Lesson 28: Simple Linear Regression I

Welcome to Block III: Regression Modeling!

Block III Overview (Lessons 28–40)

We’ve spent Blocks I and II learning how to describe data and make inferences about populations. Now we shift to modeling relationships between variables.

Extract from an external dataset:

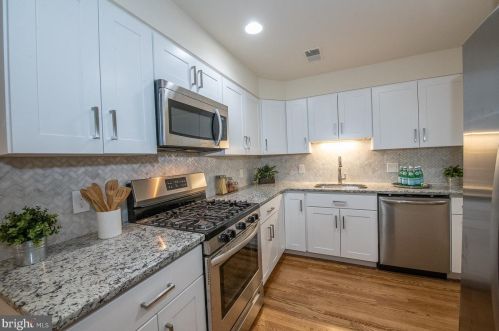 724 Leithgow St, Philadelphia PA 19123-1420 exterior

Simple Linear Regression (Lessons 28–30): One predictor, one response
Multiple Linear Regression (Lessons 31–35): Multiple predictors
Applications & Tech Report (Lessons 36–40): Putting it all together

What We’re Doing: Lesson 28

Objectives

Describe the relationship between two quantitative variables using a scatterplot
Fit a least squares regression line: \(\hat{y} = b_0 + b_1 x\)
Interpret the slope and intercept in context
Use R to fit a regression model with lm()

Required Reading

Devore, Sections 12.1, 12.2

Break!

March Madness

Bracket Model Tracker

The Takeaway for Today

Today’s Key Ideas

Simple Linear Regression models the relationship between a predictor \(x\) and a response \(y\):

\[\hat{y} = b_0 + b_1 x\]

Slope \(b_1\): For each 1-unit increase in \(x\), the predicted \(y\) changes by \(b_1\)
Intercept \(b_0\): When \(x = 0\), the predicted \(y\) is \(b_0\) (if \(x = 0\) is meaningful)
Least squares chooses \(b_0\) and \(b_1\) to minimize \(\sum (y_i - \hat{y}_i)^2\)

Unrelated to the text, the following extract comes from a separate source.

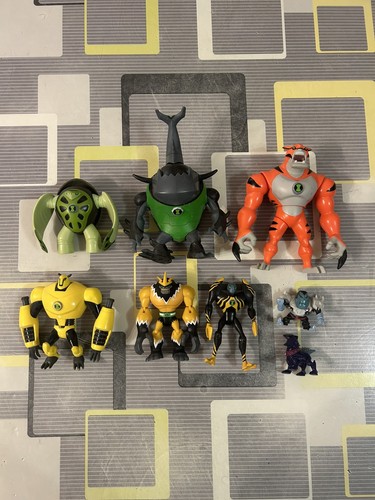 Lot figurines ben 10 - lot,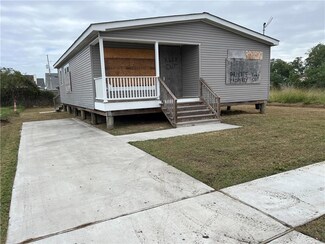 7557 Lacombe St, New Orleans, LA 70127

From Inference to Modeling

In Block II, we asked: “Is there an effect?” (hypothesis testing) and “How big is it?” (confidence intervals).

Now we ask: “Can we predict one variable from another?”

Scatterplots: The Starting Point

Before fitting any model, always look at the data.

A scatterplot shows the relationship between two quantitative variables:

Response (\(y\)): the variable we want to predict — goes on the vertical axis
Predictor (\(x\)): the variable we use to predict — goes on the horizontal axis

When describing a scatterplot, comment on:

Direction — positive, negative, or none
Form — linear, curved, or no pattern
Strength — how tightly the points follow the pattern
Unusual observations — outliers, clusters, gaps

Example: Predicting PT Score from Study Hours

A company commander wants to know if time spent in the gym predicts AFT scores. Data from 20 Soldiers:

Direction: Positive — more gym time tends to go with higher scores.

Form: Roughly linear.

Strength: Moderate — points follow the trend but with scatter.

How Can We Model This?

It looks like there’s a relationship here. How could we summarize it?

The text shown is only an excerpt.